■ **ASSIGNMENT**
Take the line containing "this 720×1280 image." and all lines after it, through the end of the material, and repeat them exactly, pictures left out.

■ **STUDY MATERIAL**
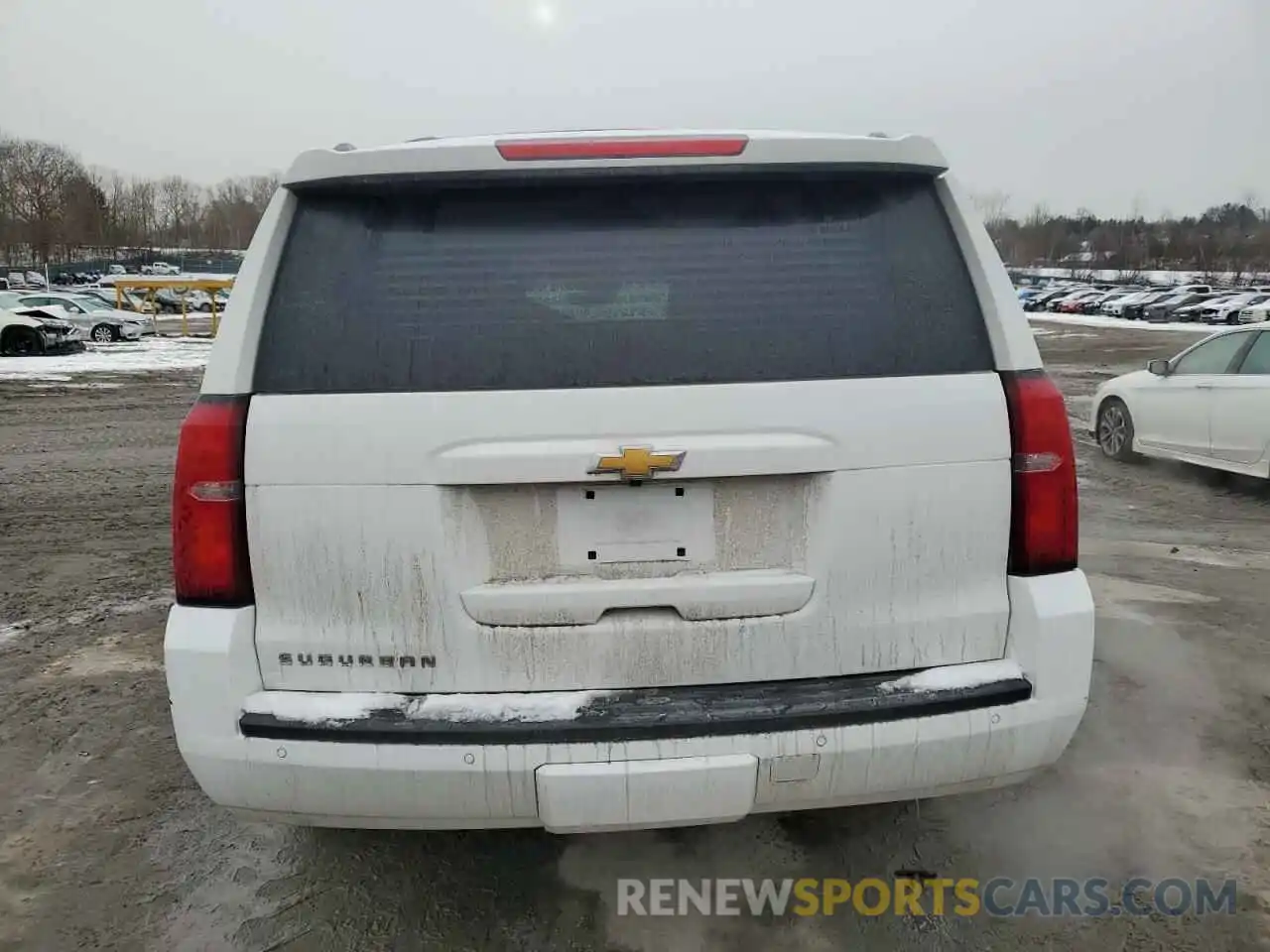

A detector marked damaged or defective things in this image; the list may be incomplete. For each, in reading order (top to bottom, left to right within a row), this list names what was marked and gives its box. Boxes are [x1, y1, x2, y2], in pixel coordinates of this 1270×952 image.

missing license plate [556, 484, 714, 563]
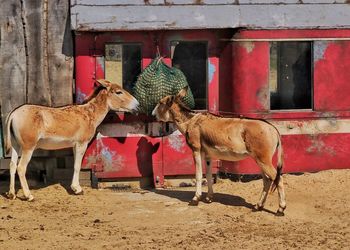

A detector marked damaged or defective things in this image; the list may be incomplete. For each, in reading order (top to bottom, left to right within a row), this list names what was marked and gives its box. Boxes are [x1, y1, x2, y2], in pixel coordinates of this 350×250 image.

rusty metal surface [70, 1, 350, 30]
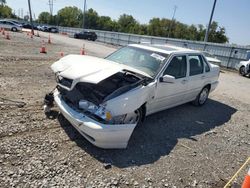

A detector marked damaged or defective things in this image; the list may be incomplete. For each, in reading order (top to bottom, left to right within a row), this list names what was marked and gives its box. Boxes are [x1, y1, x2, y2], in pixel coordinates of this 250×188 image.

damaged hood [50, 54, 150, 83]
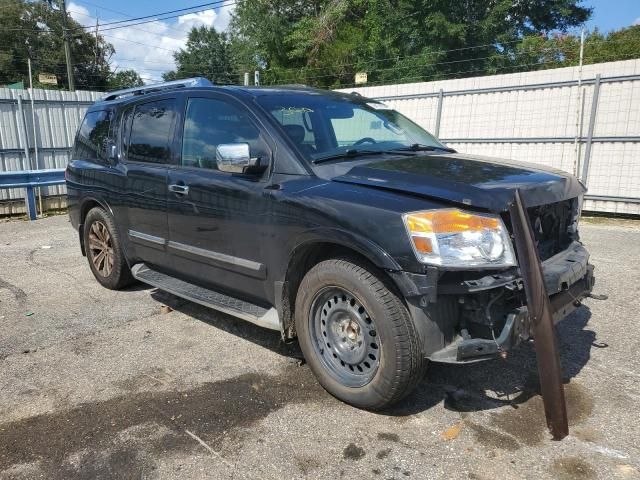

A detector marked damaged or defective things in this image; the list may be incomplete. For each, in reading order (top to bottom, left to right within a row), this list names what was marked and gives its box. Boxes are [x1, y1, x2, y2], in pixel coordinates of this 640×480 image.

crumpled hood [330, 153, 584, 211]
front bumper damage [396, 242, 596, 362]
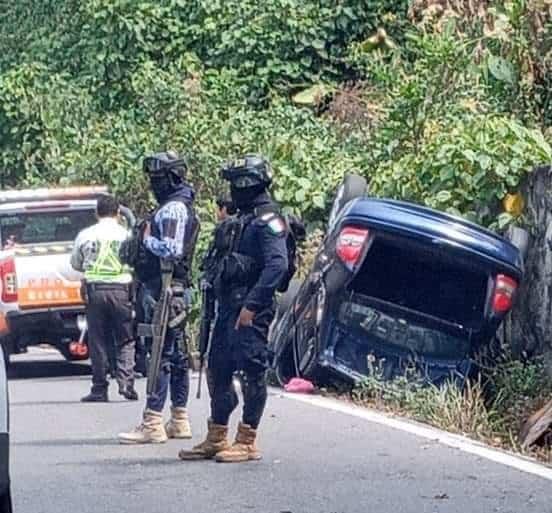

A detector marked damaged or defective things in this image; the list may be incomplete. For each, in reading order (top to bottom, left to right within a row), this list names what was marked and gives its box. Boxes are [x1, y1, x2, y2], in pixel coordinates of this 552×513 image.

crashed vehicle [270, 175, 524, 384]
overturned blue car [270, 175, 524, 384]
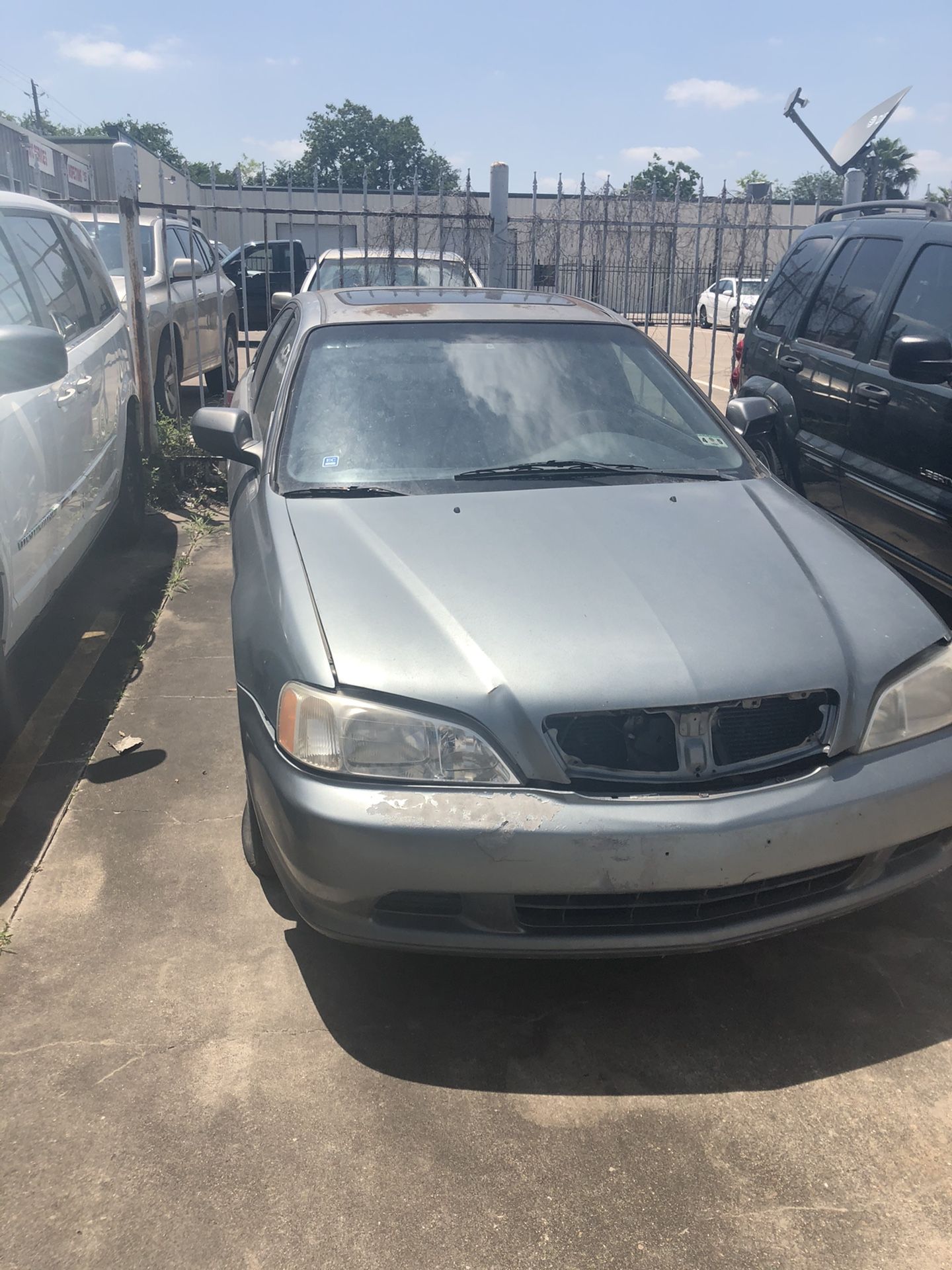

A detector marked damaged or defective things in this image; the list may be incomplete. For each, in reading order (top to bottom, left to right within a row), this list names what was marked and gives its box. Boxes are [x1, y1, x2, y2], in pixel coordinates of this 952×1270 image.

damaged front bumper [239, 696, 952, 954]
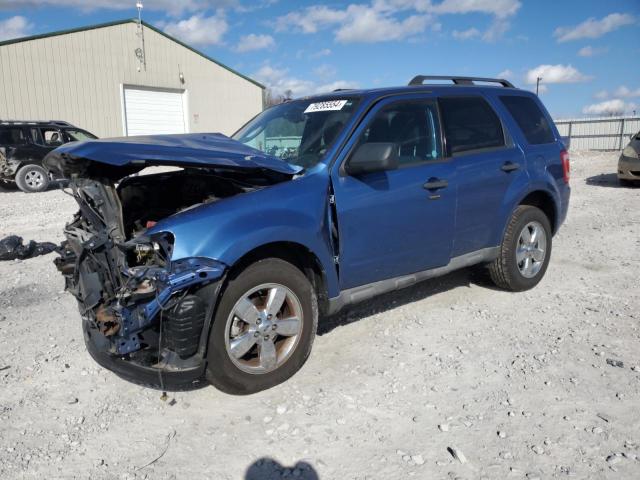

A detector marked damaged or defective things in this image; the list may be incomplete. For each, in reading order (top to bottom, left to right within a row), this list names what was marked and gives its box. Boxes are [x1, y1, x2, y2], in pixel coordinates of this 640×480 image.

broken plastic debris [0, 234, 58, 260]
damaged front end [43, 133, 298, 388]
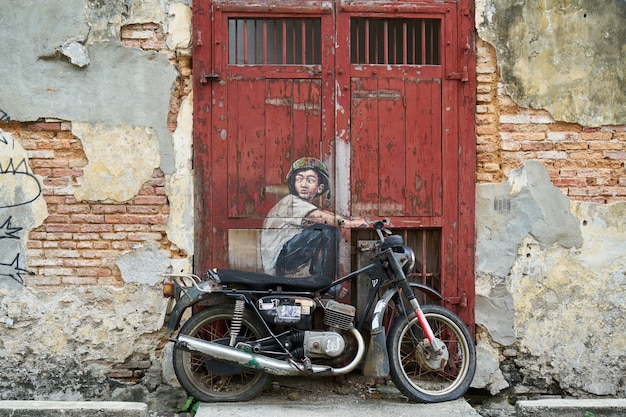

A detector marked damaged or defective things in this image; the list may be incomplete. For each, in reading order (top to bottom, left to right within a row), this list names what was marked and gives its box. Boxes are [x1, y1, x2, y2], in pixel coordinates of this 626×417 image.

rusty metal door [191, 0, 472, 324]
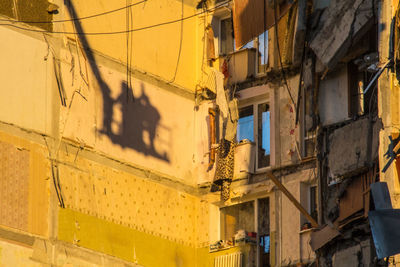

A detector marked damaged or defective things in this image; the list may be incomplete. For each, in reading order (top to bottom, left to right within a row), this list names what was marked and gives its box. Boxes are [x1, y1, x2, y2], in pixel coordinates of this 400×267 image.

broken window [238, 101, 272, 171]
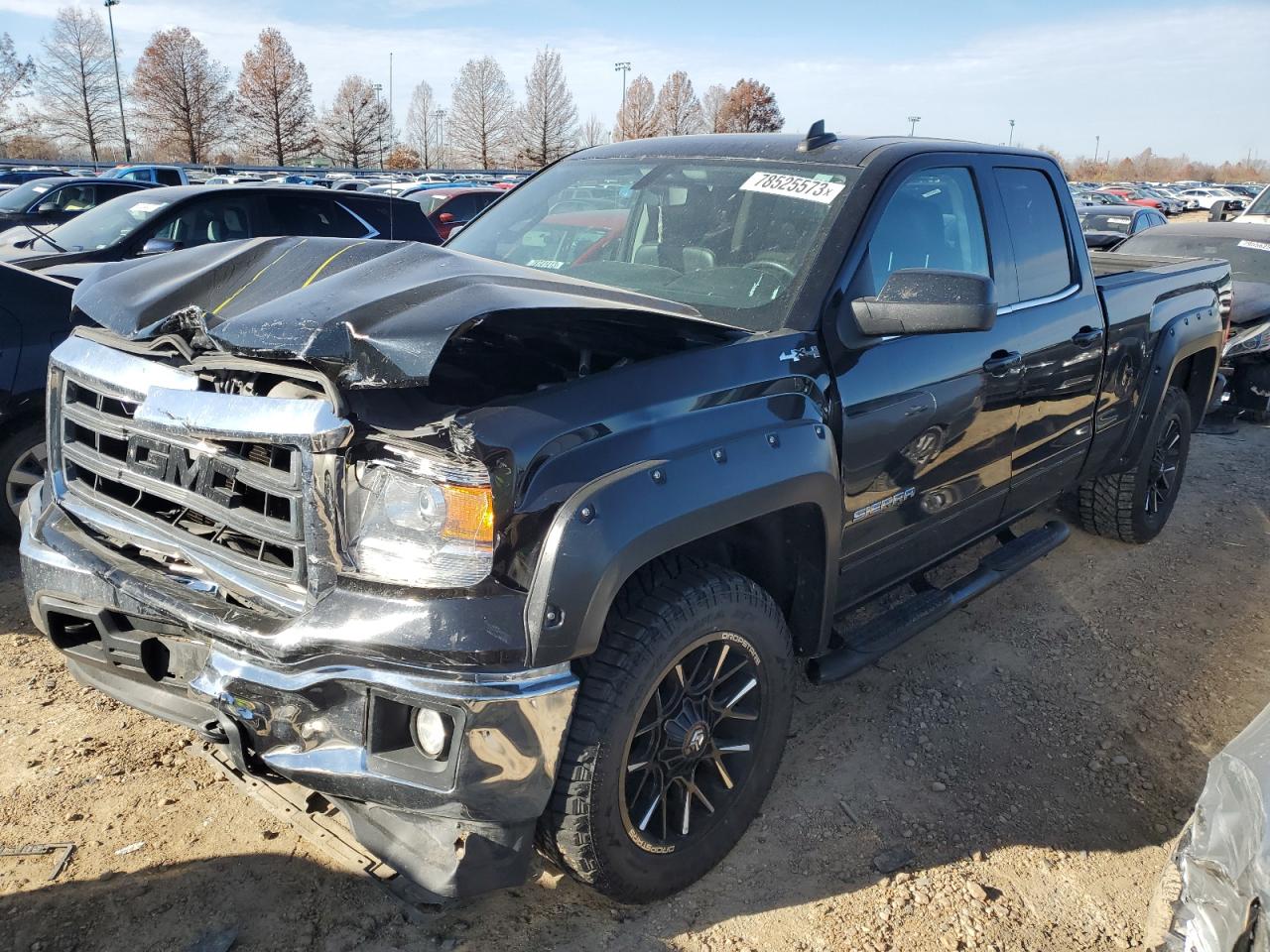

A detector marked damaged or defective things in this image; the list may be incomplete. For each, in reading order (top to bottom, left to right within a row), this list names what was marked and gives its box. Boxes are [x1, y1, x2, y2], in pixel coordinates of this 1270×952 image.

crumpled hood [69, 234, 710, 388]
damaged bumper [21, 484, 576, 903]
damaged front end [17, 238, 736, 903]
damaged front end [1148, 705, 1270, 949]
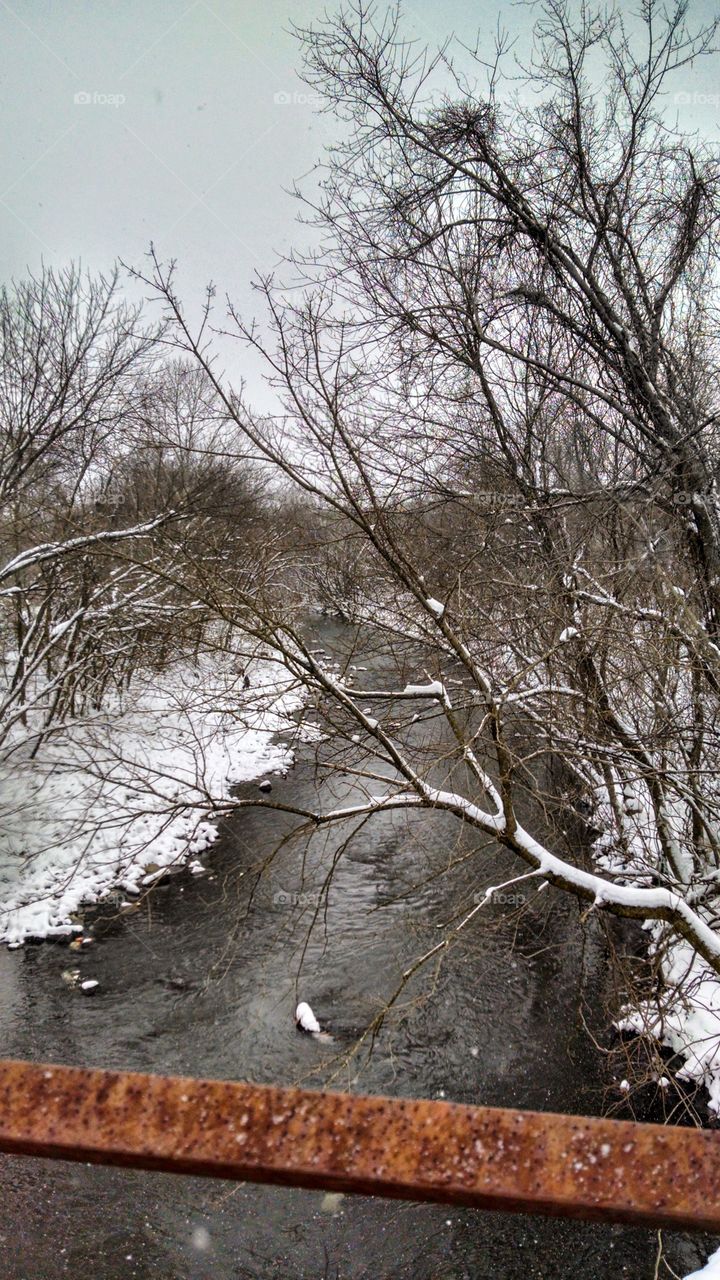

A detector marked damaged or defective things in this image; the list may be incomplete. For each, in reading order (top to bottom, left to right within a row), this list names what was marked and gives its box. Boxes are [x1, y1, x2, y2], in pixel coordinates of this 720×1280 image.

rusty metal railing [0, 1059, 712, 1228]
rust stain on metal [1, 1059, 717, 1228]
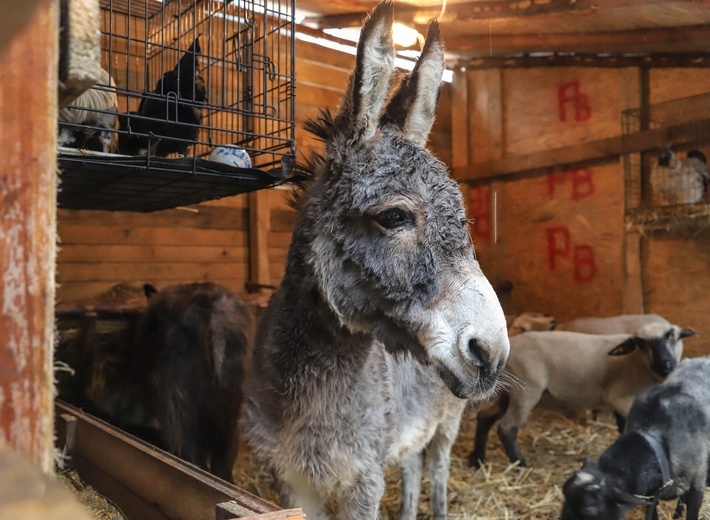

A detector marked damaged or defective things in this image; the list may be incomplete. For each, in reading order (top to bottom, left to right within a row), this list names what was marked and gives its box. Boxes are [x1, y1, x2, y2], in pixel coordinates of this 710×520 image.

peeling paint on post [0, 0, 59, 472]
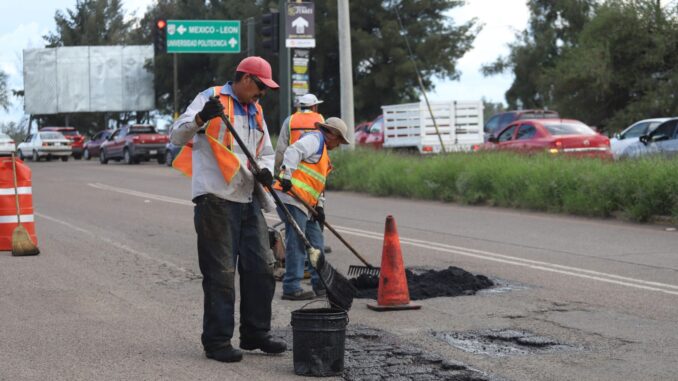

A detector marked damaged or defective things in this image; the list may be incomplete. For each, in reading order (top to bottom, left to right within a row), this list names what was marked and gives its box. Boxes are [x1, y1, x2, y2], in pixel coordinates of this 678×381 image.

pothole [350, 264, 494, 300]
asphalt patch [350, 268, 494, 300]
pothole [272, 324, 504, 380]
asphalt patch [272, 324, 504, 380]
asphalt patch [438, 328, 576, 358]
pothole [436, 328, 580, 358]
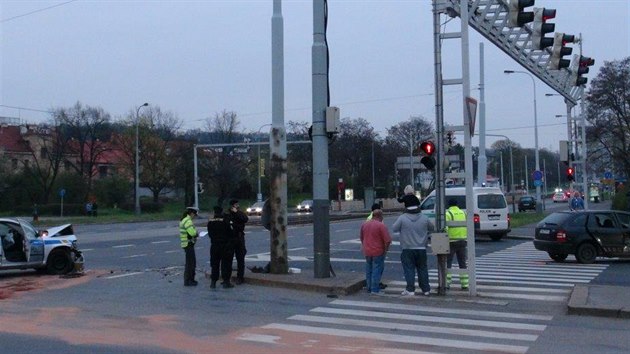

■ **WRITTEN SOLUTION**
A detector marked damaged or defective things in this image; the list may be incomplete. For each, in reading order (top to bottom, left to right within a row), this list names what was marked and gives its box. Boxes are [x1, y1, x2, y2], in pixel coordinates of this 720×1280 image.

rusty metal railing [0, 1059, 712, 1228]
rust stain on metal [1, 1059, 717, 1228]

A detector marked damaged or defective things in this image; the list may be incomplete. For each, in reading order (top to bottom, left to right within a row), this list names what was marked and gives its box. Boxes are [x1, y1, x2, y2], in pixel coordinates of this 710×520 image.

peeling paint on post [0, 0, 59, 472]

A detector marked damaged or defective things in this image; the list may be incomplete. For each, in reading order (top to bottom, left to right within a row), this list names what was marked and gives its box. Boxes are [x1, y1, x2, y2], in pixel coordinates of this 678×381 image.

pothole [350, 264, 494, 300]
asphalt patch [350, 268, 494, 300]
pothole [272, 324, 504, 380]
asphalt patch [272, 324, 504, 380]
asphalt patch [438, 328, 576, 358]
pothole [436, 328, 580, 358]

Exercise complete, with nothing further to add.